Enabling Cloudera Data Engineering

Before you can use the Cloudera Data Engineering (CDE) service, you must enable it on each environment that you want to use CDE on.

Make sure that you have a working environment for which you want to enable the CDE service. For more information about environments, see Environments.

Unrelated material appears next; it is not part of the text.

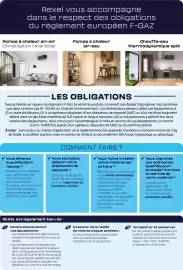 Catalogue Rexel page 29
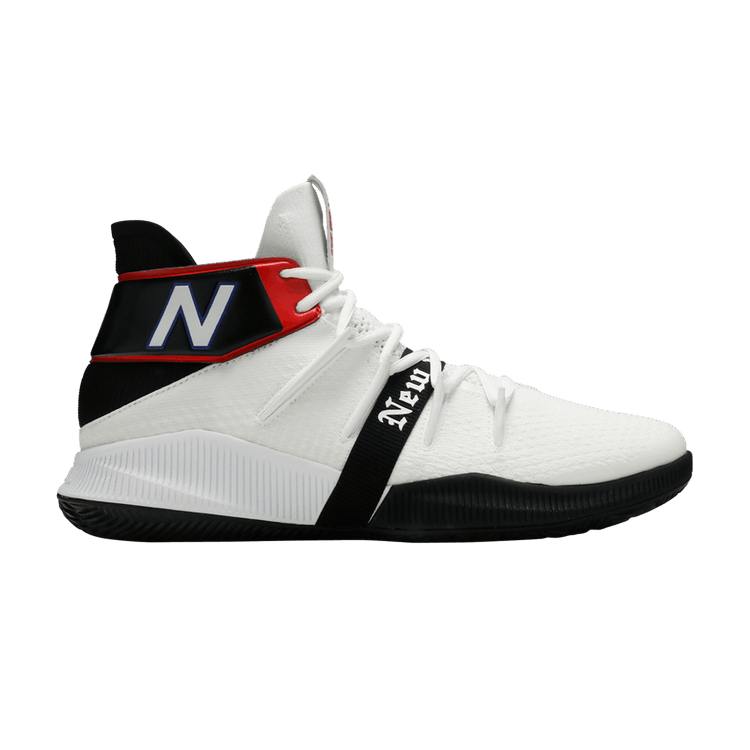 New Balance OMN1S 'City of Angels'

  1. Navigate to the Cloudera Data Engineering Overview page by clicking the Data Engineering tile in the Cloudera Data Platform (CDP) management console.
  2. In the Environments column, click the plus icon at the top or the Enable new CDE link at the bottom to enable CDE for an environment.
  3. Start typing the name of the environment that you want to enable CDE for. The displayed list dynamically updates to show environment names matching your input. When you see the correct environment, click on it to select it.
  4. Select the Workload Type.
    The workload type corresponds to the instance size that will be deployed to run your submitted Spark jobs. When you select a type, the corresponding cloud provider instance size is displayed in the Summary section to the right.
    1. If you want to use SSD storage, check the box labeled Use SSD instances. In this configuration, SSD storage is used for the workload filesystem, such as the Spark local directory. If your workload requires more space than is available in the instance storage, select a larger instance type with sufficient local storage or select an instance type without SSD, and then configure the EBS volume size.
  5. Set the Auto-Scale Range.
    The range you set here creates an auto scaling group with the specified minimum and maximum number of instances that can be used. The CDE service launches and shuts down instances as needed within this range. The instance size is determined by the Workload Type you selected.
  6. If you want to use spot instances, check the box labeled Use Spot instances and select a range of spot instances to request. This creates another auto scaling group of spot instances. Spot instances are requested with similar CPU and memory profiles as the instances selected for the Workload Type. For more information, see Cloudera Data Engineering Spot Instances.
  7. On Microsoft Azure you may create a fully private AKS cluster by selecting Enable Private Endpoint.
  8. If you create the service in an AWS environment using a non-transparent proxy, you find a Proxy CIDR Source Ranges field. You are only required to enter the proxy CIDR ranges for the proxy instances if you registered your proxies using host names, as the Cloudera Control Plane has no way to resolve those to IPs. If your proxy instances were registered using IP addresses, you can leave this field blank.
    For example, if you have a load balanced proxy with static IPs running on 10.80.199.105 and 10.80.200.45, add "10.80.199.105/32" and "10.80.200.45/32". If your proxy instances are dynamic (behind a load balancer or virtual IP) then you would enter a wider range, e.g.: "10.80.200.0/24".
  9. If you want to create a load balancing endpoint in a public subnet, check the box labeled Enable Public Loadbalancer. If you leave this unchecked, the load balancing endpoint will be created in a private subnet, and you will need to configure access manually in your cloud account.
  10. Specify a comma-separated list of CIDRs in API server Authorized IP Ranges that can access the Kubernetes master API server.
    You may specify a comma-separated list of CIDRs that can access the Kubernetes master API server.
    Make sure that the provided IP addresses do not overlap with the following ranges:
    • 0.0.0.0 - 0.255.255.255
    • 10.0.0.0 - 10.255.255.255
    • 100.64.0.0 - 100.127.255.255
    • 127.0.0.0 - 127.255.255.255
    • 169.254.0.0 - 169.254.255.255s
    • 172.16.0.0 - 172.31.255.255
    • 192.0.0.0 - 192.0.0.255
    • 192.0.2.0 - 192.0.2.255
    • 192.88.99.0 - 192.88.99.255
    • 192.168.0.0 - 192.168.255.255
    • 198.18.0.0 - 198.19.255.255
    • 198.51.100.0 - 198.51.100.255
    • 203.0.113.0 - 203.0.113.255
    • 224.0.0.0 - 239.255.255.255
    • 240.0.0.0 - 255.255.255.254
    • 255.255.255.255
  11. Specify a comma-separated list of client IP ranges in Load Balancer Source Ranges that should be allowed to access the load balancer.
  12. Specify which subnets to use for the Kubernetes worker nodes. Select from available Subnets in the drop-down list.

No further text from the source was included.